[SUPPLIED DATA — start]
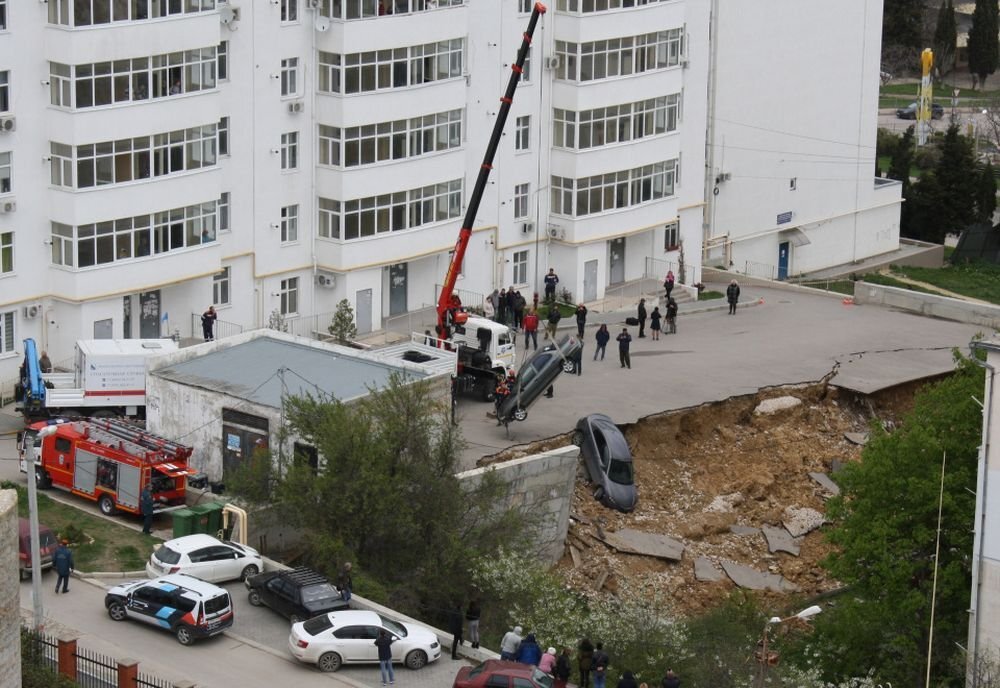 Обрушение подпорной стены у дома № 2-Б на проспекте Победы. Источник: forum.sevastopol.info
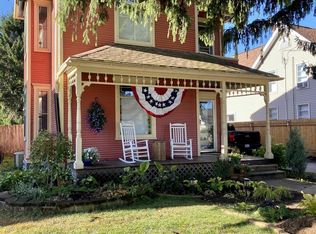 705 E Main St, Mount Horeb, WI 53572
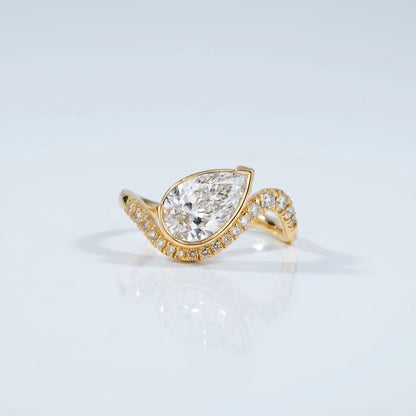 Marquise Swirl Solitaire Engagement Ring – 1 CT Lab Grown Diamond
[SUPPLIED DATA — finish]
[WHAT TO PRODUCE]
Reproduce the whole listing verbatim and keep all pictures out of it.

[OUTPUT FOR THIS TASK]
 Обрушение подпорной стены у дома № 2-Б на проспекте Победы. Источник: forum.sevastopol.info
 705 E Main St, Mount Horeb, WI 53572
 Marquise Swirl Solitaire Engagement Ring – 1 CT Lab Grown Diamond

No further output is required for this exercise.